> [ABOUT THIS EXERCISE]
Among the entries below, one stretch runs from the line that contains "Muses Seaside Parálion Ástros" through the line that contains "Q-ing online show from 4, 1, 2025". Repeat that stretch exactly, ends included, and only that.

====== RECORDS PROVIDED

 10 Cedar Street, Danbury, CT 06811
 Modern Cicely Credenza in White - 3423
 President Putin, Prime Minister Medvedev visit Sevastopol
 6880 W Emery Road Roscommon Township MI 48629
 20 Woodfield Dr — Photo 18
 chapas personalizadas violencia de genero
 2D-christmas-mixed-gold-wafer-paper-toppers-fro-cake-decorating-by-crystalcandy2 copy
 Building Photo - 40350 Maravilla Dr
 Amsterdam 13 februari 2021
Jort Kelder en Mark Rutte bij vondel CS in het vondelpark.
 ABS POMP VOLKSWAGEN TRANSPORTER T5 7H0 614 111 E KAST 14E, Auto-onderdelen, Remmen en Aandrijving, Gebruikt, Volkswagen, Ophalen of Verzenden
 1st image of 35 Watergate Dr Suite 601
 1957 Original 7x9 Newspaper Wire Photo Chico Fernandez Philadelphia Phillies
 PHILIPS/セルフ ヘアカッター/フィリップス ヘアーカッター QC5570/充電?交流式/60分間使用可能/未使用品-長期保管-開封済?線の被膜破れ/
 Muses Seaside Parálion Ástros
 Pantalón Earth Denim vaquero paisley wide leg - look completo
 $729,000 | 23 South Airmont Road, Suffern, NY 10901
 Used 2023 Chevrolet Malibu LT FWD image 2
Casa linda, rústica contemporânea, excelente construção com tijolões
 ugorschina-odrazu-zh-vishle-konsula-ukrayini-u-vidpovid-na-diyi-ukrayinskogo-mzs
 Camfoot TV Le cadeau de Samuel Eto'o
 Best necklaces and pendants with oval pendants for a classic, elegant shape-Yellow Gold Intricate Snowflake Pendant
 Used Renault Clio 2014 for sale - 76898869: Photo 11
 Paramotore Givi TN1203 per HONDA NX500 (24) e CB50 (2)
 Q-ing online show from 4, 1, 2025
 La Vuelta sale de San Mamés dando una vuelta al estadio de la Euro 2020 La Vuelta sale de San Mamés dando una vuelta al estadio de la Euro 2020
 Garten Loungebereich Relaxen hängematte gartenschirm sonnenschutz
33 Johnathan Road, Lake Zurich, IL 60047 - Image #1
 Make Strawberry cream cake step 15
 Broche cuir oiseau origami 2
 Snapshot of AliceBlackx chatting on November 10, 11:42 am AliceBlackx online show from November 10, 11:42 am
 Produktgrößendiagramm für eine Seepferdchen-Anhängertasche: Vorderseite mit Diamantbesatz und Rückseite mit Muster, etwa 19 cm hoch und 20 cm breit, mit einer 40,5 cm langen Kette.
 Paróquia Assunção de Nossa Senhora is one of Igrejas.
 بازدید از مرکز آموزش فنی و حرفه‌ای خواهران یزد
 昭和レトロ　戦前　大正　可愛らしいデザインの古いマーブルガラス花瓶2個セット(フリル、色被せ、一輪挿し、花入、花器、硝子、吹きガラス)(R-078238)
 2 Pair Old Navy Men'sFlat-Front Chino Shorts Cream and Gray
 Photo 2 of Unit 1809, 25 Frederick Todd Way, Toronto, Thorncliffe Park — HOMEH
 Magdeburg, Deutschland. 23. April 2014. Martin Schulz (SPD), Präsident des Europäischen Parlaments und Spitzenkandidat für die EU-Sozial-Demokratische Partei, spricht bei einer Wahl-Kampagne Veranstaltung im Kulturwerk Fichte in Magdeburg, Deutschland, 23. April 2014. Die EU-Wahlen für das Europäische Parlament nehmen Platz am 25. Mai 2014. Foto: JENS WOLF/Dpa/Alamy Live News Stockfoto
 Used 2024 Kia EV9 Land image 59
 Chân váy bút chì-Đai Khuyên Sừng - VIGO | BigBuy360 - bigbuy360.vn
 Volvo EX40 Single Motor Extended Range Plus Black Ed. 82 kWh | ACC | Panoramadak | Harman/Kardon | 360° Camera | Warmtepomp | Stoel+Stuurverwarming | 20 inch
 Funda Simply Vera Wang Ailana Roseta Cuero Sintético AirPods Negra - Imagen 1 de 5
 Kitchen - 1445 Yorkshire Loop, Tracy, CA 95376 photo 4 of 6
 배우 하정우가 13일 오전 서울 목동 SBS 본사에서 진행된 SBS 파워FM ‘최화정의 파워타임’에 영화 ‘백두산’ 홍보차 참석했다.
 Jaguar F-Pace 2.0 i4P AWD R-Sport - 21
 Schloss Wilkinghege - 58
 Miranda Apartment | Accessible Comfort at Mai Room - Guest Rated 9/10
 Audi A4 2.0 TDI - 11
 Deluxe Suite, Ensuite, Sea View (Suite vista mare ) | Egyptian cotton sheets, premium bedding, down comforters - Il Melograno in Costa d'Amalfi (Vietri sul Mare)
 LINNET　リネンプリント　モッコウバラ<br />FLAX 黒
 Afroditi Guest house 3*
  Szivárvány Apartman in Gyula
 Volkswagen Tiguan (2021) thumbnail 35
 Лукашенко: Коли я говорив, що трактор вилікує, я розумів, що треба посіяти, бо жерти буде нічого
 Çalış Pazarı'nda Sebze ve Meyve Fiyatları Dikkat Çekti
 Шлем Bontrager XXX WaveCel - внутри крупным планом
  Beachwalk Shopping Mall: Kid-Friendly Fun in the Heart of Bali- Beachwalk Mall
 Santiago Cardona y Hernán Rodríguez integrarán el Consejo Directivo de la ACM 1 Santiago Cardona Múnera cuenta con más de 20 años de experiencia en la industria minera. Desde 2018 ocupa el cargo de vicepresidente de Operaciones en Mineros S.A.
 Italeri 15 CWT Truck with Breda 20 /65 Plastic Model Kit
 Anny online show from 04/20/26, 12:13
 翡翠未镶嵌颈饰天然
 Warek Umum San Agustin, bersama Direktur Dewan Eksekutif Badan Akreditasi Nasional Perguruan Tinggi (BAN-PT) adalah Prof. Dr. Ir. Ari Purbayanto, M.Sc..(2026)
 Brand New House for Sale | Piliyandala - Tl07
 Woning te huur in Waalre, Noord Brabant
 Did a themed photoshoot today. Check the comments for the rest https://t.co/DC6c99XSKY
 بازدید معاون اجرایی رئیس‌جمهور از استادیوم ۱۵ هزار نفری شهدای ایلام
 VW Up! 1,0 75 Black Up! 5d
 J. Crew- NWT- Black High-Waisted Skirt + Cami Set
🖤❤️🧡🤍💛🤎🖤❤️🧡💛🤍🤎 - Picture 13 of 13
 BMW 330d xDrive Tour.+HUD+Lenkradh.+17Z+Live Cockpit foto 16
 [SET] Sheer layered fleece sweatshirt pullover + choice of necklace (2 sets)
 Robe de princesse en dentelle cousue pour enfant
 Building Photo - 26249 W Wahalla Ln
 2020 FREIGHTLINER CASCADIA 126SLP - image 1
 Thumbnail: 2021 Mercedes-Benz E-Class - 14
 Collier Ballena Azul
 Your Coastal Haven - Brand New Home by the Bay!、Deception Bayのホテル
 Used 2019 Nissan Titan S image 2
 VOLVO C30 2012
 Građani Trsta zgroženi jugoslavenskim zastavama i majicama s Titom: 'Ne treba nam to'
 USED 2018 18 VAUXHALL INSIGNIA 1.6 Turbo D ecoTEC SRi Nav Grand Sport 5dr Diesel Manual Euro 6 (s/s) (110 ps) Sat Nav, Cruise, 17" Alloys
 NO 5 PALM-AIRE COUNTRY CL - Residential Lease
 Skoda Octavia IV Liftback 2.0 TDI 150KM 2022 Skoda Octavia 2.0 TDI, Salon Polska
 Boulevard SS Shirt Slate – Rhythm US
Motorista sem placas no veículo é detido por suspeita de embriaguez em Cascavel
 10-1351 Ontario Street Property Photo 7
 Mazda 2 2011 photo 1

============

> [TASK SOLUTION]
 Muses Seaside Parálion Ástros
 Pantalón Earth Denim vaquero paisley wide leg - look completo
 $729,000 | 23 South Airmont Road, Suffern, NY 10901
 Used 2023 Chevrolet Malibu LT FWD image 2
Casa linda, rústica contemporânea, excelente construção com tijolões
 ugorschina-odrazu-zh-vishle-konsula-ukrayini-u-vidpovid-na-diyi-ukrayinskogo-mzs
 Camfoot TV Le cadeau de Samuel Eto'o
 Best necklaces and pendants with oval pendants for a classic, elegant shape-Yellow Gold Intricate Snowflake Pendant
 Used Renault Clio 2014 for sale - 76898869: Photo 11
 Paramotore Givi TN1203 per HONDA NX500 (24) e CB50 (2)
 Q-ing online show from 4, 1, 2025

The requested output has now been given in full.